Exercise brief:
Give back exactly the lines of the data below, starting with the line that has "Plants oxygen give" and going on through the line that has "I don't think".

(Stored items)
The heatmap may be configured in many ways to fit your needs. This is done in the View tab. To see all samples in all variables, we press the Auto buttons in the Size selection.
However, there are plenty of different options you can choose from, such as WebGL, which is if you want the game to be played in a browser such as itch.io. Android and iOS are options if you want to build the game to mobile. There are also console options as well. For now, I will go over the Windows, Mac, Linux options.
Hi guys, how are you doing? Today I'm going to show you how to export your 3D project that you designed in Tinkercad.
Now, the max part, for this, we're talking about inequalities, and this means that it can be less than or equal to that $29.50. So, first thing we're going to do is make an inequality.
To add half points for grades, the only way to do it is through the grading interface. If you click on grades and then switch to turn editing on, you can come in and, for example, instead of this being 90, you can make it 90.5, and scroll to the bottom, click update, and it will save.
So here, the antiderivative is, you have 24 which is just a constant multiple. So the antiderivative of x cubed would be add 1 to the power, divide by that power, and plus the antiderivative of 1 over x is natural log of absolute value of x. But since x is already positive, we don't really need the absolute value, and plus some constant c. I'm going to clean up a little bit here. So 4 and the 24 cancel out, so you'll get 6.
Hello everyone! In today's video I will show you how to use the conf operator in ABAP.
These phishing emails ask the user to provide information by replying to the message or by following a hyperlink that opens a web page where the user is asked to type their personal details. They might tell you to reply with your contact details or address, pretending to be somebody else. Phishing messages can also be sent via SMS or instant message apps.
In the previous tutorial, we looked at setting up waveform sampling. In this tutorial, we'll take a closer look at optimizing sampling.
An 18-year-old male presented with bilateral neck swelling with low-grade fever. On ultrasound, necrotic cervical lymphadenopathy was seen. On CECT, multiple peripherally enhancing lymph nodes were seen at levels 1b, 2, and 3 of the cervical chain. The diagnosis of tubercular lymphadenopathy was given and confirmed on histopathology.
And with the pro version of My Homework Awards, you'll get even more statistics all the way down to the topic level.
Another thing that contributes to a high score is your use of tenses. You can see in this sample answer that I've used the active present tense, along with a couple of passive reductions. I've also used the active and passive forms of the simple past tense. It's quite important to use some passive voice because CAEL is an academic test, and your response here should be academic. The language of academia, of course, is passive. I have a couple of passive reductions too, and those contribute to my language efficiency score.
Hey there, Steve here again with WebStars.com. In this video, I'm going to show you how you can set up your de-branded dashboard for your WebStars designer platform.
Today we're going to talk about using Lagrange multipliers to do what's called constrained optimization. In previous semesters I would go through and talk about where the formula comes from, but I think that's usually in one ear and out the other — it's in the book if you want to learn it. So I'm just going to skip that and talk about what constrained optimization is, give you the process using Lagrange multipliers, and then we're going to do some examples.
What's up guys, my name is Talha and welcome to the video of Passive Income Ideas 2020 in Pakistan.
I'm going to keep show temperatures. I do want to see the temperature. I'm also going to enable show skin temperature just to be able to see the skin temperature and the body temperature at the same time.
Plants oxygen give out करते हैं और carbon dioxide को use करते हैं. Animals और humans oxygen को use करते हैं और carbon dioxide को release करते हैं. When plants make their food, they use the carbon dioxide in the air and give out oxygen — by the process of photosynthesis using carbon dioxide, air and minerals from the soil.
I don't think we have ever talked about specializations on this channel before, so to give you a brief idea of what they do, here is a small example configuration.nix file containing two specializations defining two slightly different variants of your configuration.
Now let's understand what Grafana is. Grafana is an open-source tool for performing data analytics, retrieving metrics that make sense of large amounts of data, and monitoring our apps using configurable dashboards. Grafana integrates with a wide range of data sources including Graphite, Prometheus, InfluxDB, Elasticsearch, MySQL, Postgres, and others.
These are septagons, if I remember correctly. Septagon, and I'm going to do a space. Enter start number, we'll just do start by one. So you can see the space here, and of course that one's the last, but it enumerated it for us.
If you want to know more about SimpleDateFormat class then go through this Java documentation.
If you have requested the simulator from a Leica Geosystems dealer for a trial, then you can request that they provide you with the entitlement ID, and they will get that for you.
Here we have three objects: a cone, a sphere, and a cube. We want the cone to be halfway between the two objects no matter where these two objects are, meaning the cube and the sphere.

Worked solution:
Plants oxygen give out करते हैं और carbon dioxide को use करते हैं. Animals और humans oxygen को use करते हैं और carbon dioxide को release करते हैं. When plants make their food, they use the carbon dioxide in the air and give out oxygen — by the process of photosynthesis using carbon dioxide, air and minerals from the soil.
I don't think we have ever talked about specializations on this channel before, so to give you a brief idea of what they do, here is a small example configuration.nix file containing two specializations defining two slightly different variants of your configuration.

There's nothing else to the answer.